◆ Problem statement
Everything from the line holding "this 992×698 image." to the last line of the material below must be retyped exactly, minus any pictures.

◆ Extracted data
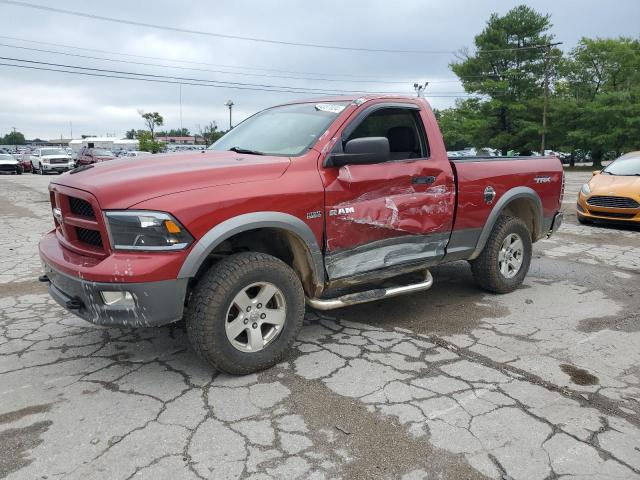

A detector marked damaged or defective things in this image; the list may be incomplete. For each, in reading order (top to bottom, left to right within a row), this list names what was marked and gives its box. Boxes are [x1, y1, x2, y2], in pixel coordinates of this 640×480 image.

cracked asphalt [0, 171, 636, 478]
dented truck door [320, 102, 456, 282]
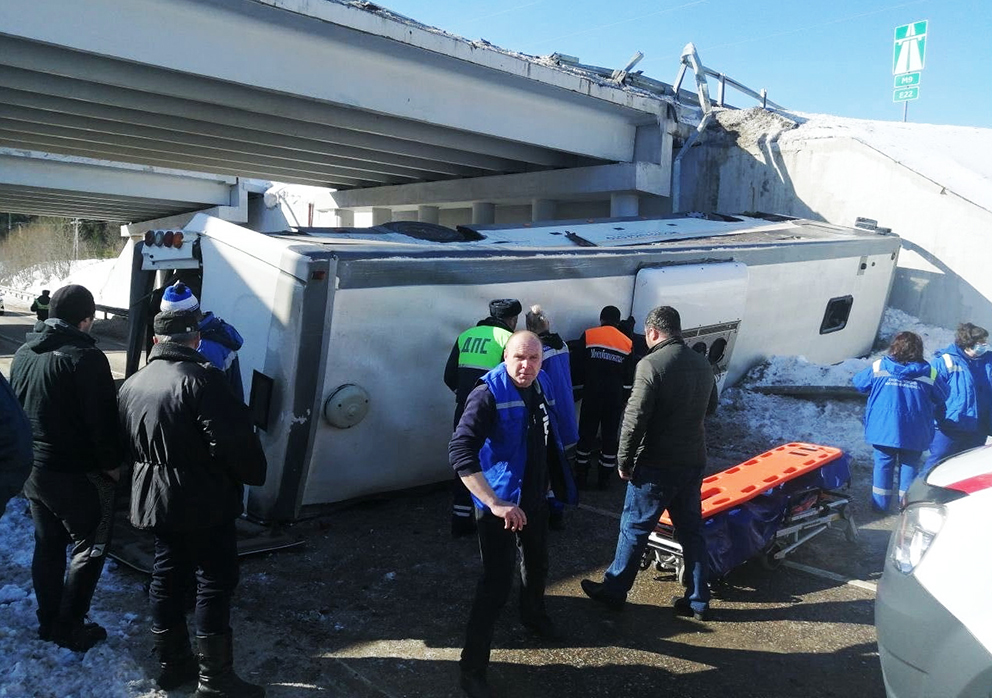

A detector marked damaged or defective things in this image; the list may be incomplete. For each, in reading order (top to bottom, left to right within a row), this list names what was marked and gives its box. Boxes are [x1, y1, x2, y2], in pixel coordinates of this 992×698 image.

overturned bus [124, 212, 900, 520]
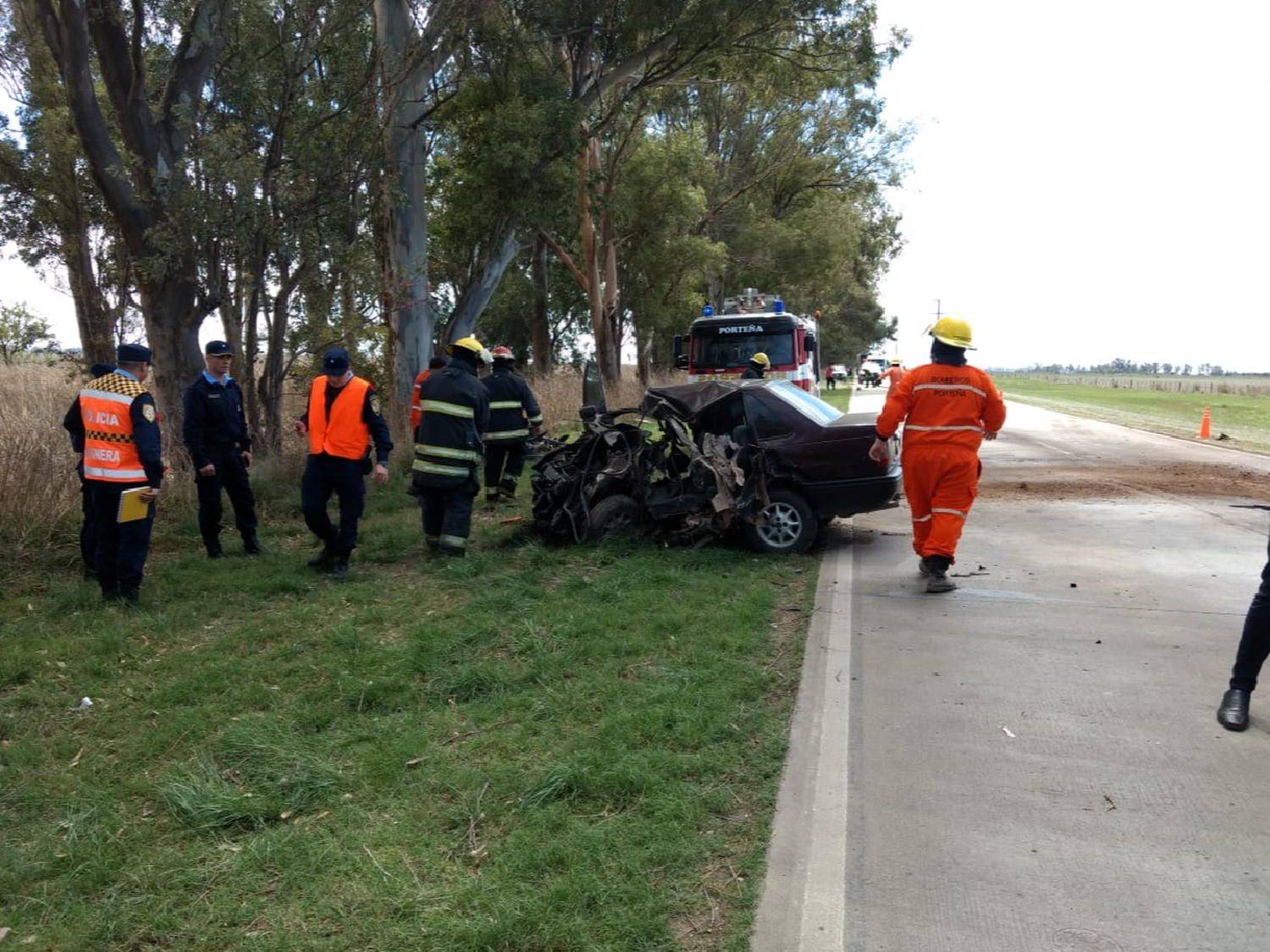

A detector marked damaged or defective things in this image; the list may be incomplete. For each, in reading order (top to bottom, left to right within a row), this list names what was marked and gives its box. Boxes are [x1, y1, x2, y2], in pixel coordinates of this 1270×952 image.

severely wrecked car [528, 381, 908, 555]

◆ Your response
A detector marked damaged or defective things in this image; the list may be incomplete. For each, in reading order (top to bottom, left to right within a row), this list names what was marked and gives its box. Boxes are [x1, y1, x2, y2], in pixel coordinates of this 992×698 image.

overturned bus [124, 212, 900, 520]

A detector marked damaged or defective things in this image; the list may be incomplete. For each, in reading order (top to bottom, left to right within a row), this list names what was marked and gives its box. Boxes are [x1, y1, x2, y2], in pixel coordinates of this 1270×952 image.

severely wrecked car [528, 381, 908, 555]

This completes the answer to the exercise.